I did a little test to verify that, and to compare I also did a manual detection of the visemes (up until "its like a jungle../.."):



(iClone script done on the acapella file)
As you can see the results are far from optimal but perhaps some of you got better results ?

I would be interested to hear from you guys, if you have done lipsync tests and experiments on your side.

Cheers,
Guy.
By mrmdesign - 9 Years Ago
This looks really cool. Great song too.
I have been trying a few things out with Crazy talk 8 and getting worse results. I have considered using the text to speech tool to create the correct lip / mouth movements then doing a voice over in another program but then the timing wouldn't flow as well.

I will also try in iclone and let you know how I get on.
By justaviking - 9 Years Ago
I think iC6 is improved over iC6, but if you want the best-possible results, plan on doing some manual viseme editing.  For clean-up, usually removing some helps.  That's step #1 for me.   

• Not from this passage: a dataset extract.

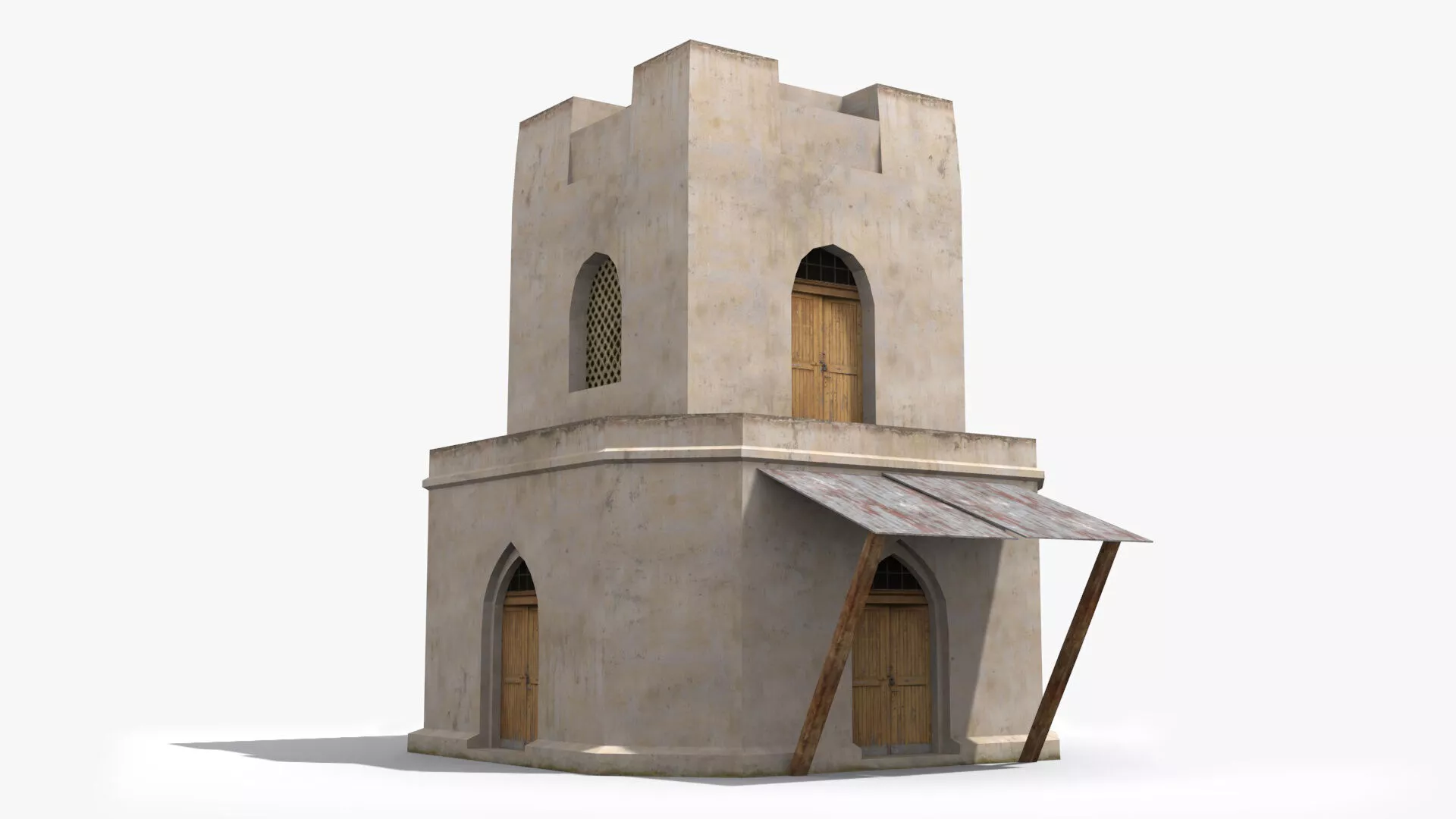 Arab xx32 Low-poly 3D model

iC5 had way too many, especially too many "None" visemes, making the mouth look spastic.  A good "live" recording has always given me better results that Text-to-Speech.  And it should be "voice-only."  The engine cannot separate out vocals from music in a song.  I record my own voice-over for a song to get the visemes, and replace the audio in my video editing software.

If you spend too much time editing visemes, real live people talking to you will start to look funny, and after a while you're not sure what looks real and natural anymore.  :P
By mtakerkart - 9 Years Ago
One of my favorite song ever Grabiller! Motions on the beat is very rare in the Iclone world. I never had better results and my problem is that the majority of my voices are in french language and as you know there're sounds that does'nt exist in english language that the Iclone detection algorythm is not enable to detect. because lot of  network cartoons productions are so so with the match between viseme and mouth shape, the audience is very tolerant about lipsync. I focus only on the vowel.
By mtakerkart - 9 Years Ago
I know Swooop. I can have perfect result but the time consuming nedeed for it is not in my philosophy why I bought Iclone.It will be the same time consiming as  blender or Maya.
But I notice that Iclone is optimize for english viseme. In the expression editor , if I build a perfect "th" viseme with visible tongue on up-teeth, it's useless
because this sound doesn't exist in french. When english people said "e" it's "i" for french language. May be  with the new render release I'll built an
efficient CC viseme build for French language. ;-)
By animagic - 9 Years Ago

@grabiller: I usually edit the visemes, especially for close-ups. iClone viseme detection has not substantially improved since it was introduced. It got a little bit better in iClone 6 as far as blending goes, but there are still many spurious visemes being generated.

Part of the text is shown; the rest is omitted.